Le ministre de la Communication et des Médias, Germain Biahodjow, face à la presse, le 12 août 2026, à Libreville. © GabonReview
À la suite de la sortie de Lanlaire, de son vrai nom Anges Landry Mbeng, activiste gabonais basé en France, le gouvernement gabonais a haussé le ton, ce mercredi 12 août, face à ces propos diffusés sur les réseaux sociaux et jugés particulièrement graves. Dans une déclaration faite à Libreville, le ministre de la Communication et des Médias, Germain Biahodjow, a fait part de la «profonde indignation» de l’exécutif après ces propos de ce personnage. Ces déclarations ont notamment visé le président de la République, ainsi que la Première dame, ses parents et d’autres personnalités. Pour le gouvernement, cette séquence dépasse les limites acceptables de la critique politique et constitue une atteinte à la dignité des personnes concernées.
Germain Biahodjow a ainsi rappelé la position ferme de l’Exécutif sur cette affaire, estimant que de tels agissements constituent «une dérive inacceptable du débat public» et portent atteinte au «respect dû à la plus haute institution de la République gabonaise». Le gouvernement a, dans le même temps, exprimé sa «solidarité pleine et entière» et son «soutien sans réserve» au chef de l’État, à sa famille et aux autres personnalités visées. Une prise de position qui intervient dans un contexte où les réseaux sociaux occupent une place croissante dans le débat public et où les autorités entendent rappeler que la liberté d’expression ne saurait, selon elles, servir de couverture à l’injure, à la diffamation ou à l’humiliation.

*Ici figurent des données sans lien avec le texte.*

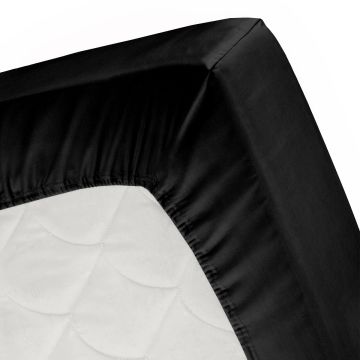 Cinderella Sundays spannbettlaken 140x210cm satin schwarz (bis 25cm)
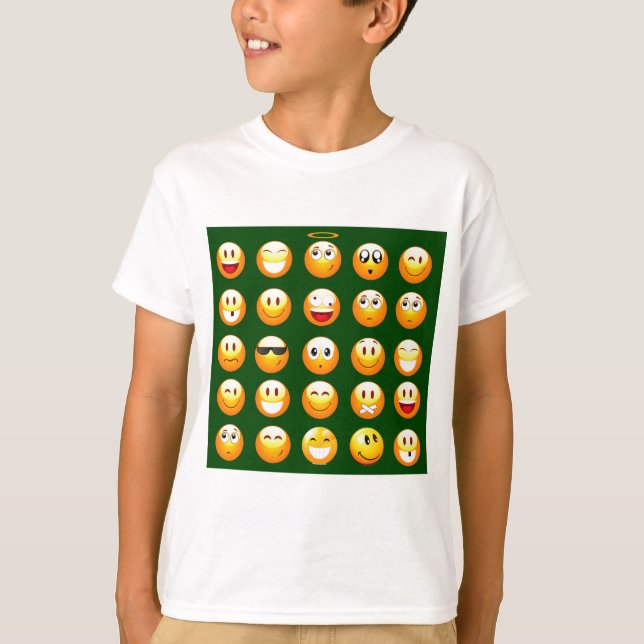 Camiseta emoji verde-escuro (Frente)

La liberté d’expression, consacrée par la Constitution, s’accompagne également d’une responsabilité individuelle
Le gouvernement rappelle que la liberté d’expression, bien que consacrée par la Constitution, «ne saurait être détournée pour justifier l’outrage, l’injure, la diffamation, l’humiliation ou toute autre forme d’atteinte à la dignité de la personne humaine». Dans le respect de l’indépendance de la justice, il invite les autorités judiciaires compétentes à «examiner les faits et à prendre toutes les dispositions prévues par la loi», en citant notamment «l’article 158 et suivants du Code pénal s’agissant de propos visant le Président de la République». Pour le gouvernement gabonais, «l’impunité sur les réseaux sociaux doit cesser». L’Exécutif affirme ainsi vouloir faire appliquer le droit aussi bien dans l’espace public traditionnel que dans l’environnement numérique.
Cette déclaration intervient à un moment symbolique d’autant plus que le Gabon s’apprête à commémorer son indépendance et célèbre la Fête de la libération. Le gouvernement a donc appelé, dans ce contexte, à davantage de responsabilité et de retenue dans les échanges publics. Il a réaffirmé sa «détermination inflexible à faire respecter l’État de droit, l’ordre public et la dignité de chaque Gabonais, du sommet de l’État jusqu’au citoyen quel que soit son rang social». Germain Biahodjow a ainsi par ailleurs rappelé que la liberté d’expression, consacrée par la Constitution, s’accompagne également d’une responsabilité individuelle à savoir celle de préserver la dignité humaine et les valeurs qui fondent le vivre-ensemble.